**Your objective**
Each entry below is to be duplicated precisely.

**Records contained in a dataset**

■ ■ ■ ■ ■

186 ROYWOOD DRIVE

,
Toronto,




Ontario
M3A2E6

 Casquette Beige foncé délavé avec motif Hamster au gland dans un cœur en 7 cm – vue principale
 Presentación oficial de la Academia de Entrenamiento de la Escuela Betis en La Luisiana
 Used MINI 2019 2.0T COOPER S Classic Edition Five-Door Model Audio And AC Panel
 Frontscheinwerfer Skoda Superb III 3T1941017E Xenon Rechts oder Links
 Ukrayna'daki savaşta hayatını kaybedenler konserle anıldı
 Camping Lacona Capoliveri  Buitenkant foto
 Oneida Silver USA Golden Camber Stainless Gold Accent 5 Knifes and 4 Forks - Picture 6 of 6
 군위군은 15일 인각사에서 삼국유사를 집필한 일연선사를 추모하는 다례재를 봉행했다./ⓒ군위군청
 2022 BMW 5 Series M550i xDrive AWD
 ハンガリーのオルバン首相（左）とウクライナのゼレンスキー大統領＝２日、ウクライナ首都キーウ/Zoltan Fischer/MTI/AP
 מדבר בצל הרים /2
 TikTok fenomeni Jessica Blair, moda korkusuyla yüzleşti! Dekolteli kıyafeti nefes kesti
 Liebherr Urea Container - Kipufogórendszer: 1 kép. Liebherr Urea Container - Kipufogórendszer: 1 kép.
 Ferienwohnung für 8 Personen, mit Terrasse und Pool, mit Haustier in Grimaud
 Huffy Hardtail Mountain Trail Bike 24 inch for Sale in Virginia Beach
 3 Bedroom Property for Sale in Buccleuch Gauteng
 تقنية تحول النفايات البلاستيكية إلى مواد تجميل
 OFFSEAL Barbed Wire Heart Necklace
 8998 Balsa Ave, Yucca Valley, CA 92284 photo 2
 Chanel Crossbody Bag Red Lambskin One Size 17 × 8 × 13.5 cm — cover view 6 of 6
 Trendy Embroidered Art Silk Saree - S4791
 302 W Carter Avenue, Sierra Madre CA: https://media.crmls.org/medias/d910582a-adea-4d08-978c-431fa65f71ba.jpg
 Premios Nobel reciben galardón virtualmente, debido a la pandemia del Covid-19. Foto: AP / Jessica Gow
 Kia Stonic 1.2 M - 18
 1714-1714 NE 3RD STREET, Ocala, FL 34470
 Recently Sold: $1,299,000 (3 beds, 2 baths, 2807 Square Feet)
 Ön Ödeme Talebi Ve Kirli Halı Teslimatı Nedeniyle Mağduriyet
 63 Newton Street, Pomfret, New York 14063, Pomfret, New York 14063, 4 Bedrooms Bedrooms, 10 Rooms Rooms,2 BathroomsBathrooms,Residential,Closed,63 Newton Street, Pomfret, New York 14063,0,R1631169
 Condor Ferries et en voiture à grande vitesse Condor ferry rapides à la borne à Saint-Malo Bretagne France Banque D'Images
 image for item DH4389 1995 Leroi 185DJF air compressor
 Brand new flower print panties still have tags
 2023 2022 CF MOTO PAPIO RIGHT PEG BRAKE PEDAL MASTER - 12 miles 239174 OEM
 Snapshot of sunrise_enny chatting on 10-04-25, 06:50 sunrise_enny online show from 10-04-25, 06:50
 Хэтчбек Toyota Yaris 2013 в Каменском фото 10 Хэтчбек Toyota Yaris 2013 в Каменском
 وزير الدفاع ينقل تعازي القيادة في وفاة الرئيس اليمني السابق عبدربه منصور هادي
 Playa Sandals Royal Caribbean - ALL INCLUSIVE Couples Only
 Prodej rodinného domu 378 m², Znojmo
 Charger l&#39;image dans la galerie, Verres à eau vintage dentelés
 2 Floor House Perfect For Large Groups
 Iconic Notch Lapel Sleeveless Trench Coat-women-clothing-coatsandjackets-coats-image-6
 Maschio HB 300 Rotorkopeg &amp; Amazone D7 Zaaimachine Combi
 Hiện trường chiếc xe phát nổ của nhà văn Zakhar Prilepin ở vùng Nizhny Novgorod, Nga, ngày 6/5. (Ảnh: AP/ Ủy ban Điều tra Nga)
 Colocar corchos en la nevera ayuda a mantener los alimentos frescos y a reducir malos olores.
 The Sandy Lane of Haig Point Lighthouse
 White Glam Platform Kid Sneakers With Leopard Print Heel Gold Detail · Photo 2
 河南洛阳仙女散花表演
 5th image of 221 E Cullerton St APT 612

■ ■ ■ ■ ■

**Answer to this exercise**
186 ROYWOOD DRIVE

,
Toronto,




Ontario
M3A2E6

 Casquette Beige foncé délavé avec motif Hamster au gland dans un cœur en 7 cm – vue principale
 Presentación oficial de la Academia de Entrenamiento de la Escuela Betis en La Luisiana
 Used MINI 2019 2.0T COOPER S Classic Edition Five-Door Model Audio And AC Panel
 Frontscheinwerfer Skoda Superb III 3T1941017E Xenon Rechts oder Links
 Ukrayna'daki savaşta hayatını kaybedenler konserle anıldı
 Camping Lacona Capoliveri  Buitenkant foto
 Oneida Silver USA Golden Camber Stainless Gold Accent 5 Knifes and 4 Forks - Picture 6 of 6
 군위군은 15일 인각사에서 삼국유사를 집필한 일연선사를 추모하는 다례재를 봉행했다./ⓒ군위군청
 2022 BMW 5 Series M550i xDrive AWD
 ハンガリーのオルバン首相（左）とウクライナのゼレンスキー大統領＝２日、ウクライナ首都キーウ/Zoltan Fischer/MTI/AP
 מדבר בצל הרים /2
 TikTok fenomeni Jessica Blair, moda korkusuyla yüzleşti! Dekolteli kıyafeti nefes kesti
 Liebherr Urea Container - Kipufogórendszer: 1 kép. Liebherr Urea Container - Kipufogórendszer: 1 kép.
 Ferienwohnung für 8 Personen, mit Terrasse und Pool, mit Haustier in Grimaud
 Huffy Hardtail Mountain Trail Bike 24 inch for Sale in Virginia Beach
 3 Bedroom Property for Sale in Buccleuch Gauteng
 تقنية تحول النفايات البلاستيكية إلى مواد تجميل
 OFFSEAL Barbed Wire Heart Necklace
 8998 Balsa Ave, Yucca Valley, CA 92284 photo 2
 Chanel Crossbody Bag Red Lambskin One Size 17 × 8 × 13.5 cm — cover view 6 of 6
 Trendy Embroidered Art Silk Saree - S4791
 302 W Carter Avenue, Sierra Madre CA: https://media.crmls.org/medias/d910582a-adea-4d08-978c-431fa65f71ba.jpg
 Premios Nobel reciben galardón virtualmente, debido a la pandemia del Covid-19. Foto: AP / Jessica Gow
 Kia Stonic 1.2 M - 18
 1714-1714 NE 3RD STREET, Ocala, FL 34470
 Recently Sold: $1,299,000 (3 beds, 2 baths, 2807 Square Feet)
 Ön Ödeme Talebi Ve Kirli Halı Teslimatı Nedeniyle Mağduriyet
 63 Newton Street, Pomfret, New York 14063, Pomfret, New York 14063, 4 Bedrooms Bedrooms, 10 Rooms Rooms,2 BathroomsBathrooms,Residential,Closed,63 Newton Street, Pomfret, New York 14063,0,R1631169
 Condor Ferries et en voiture à grande vitesse Condor ferry rapides à la borne à Saint-Malo Bretagne France Banque D'Images
 image for item DH4389 1995 Leroi 185DJF air compressor
 Brand new flower print panties still have tags
 2023 2022 CF MOTO PAPIO RIGHT PEG BRAKE PEDAL MASTER - 12 miles 239174 OEM
 Snapshot of sunrise_enny chatting on 10-04-25, 06:50 sunrise_enny online show from 10-04-25, 06:50
 Хэтчбек Toyota Yaris 2013 в Каменском фото 10 Хэтчбек Toyota Yaris 2013 в Каменском
 وزير الدفاع ينقل تعازي القيادة في وفاة الرئيس اليمني السابق عبدربه منصور هادي
 Playa Sandals Royal Caribbean - ALL INCLUSIVE Couples Only
 Prodej rodinného domu 378 m², Znojmo
 Charger l&#39;image dans la galerie, Verres à eau vintage dentelés
 2 Floor House Perfect For Large Groups
 Iconic Notch Lapel Sleeveless Trench Coat-women-clothing-coatsandjackets-coats-image-6
 Maschio HB 300 Rotorkopeg &amp; Amazone D7 Zaaimachine Combi
 Hiện trường chiếc xe phát nổ của nhà văn Zakhar Prilepin ở vùng Nizhny Novgorod, Nga, ngày 6/5. (Ảnh: AP/ Ủy ban Điều tra Nga)
 Colocar corchos en la nevera ayuda a mantener los alimentos frescos y a reducir malos olores.
 The Sandy Lane of Haig Point Lighthouse
 White Glam Platform Kid Sneakers With Leopard Print Heel Gold Detail · Photo 2
 河南洛阳仙女散花表演
 5th image of 221 E Cullerton St APT 612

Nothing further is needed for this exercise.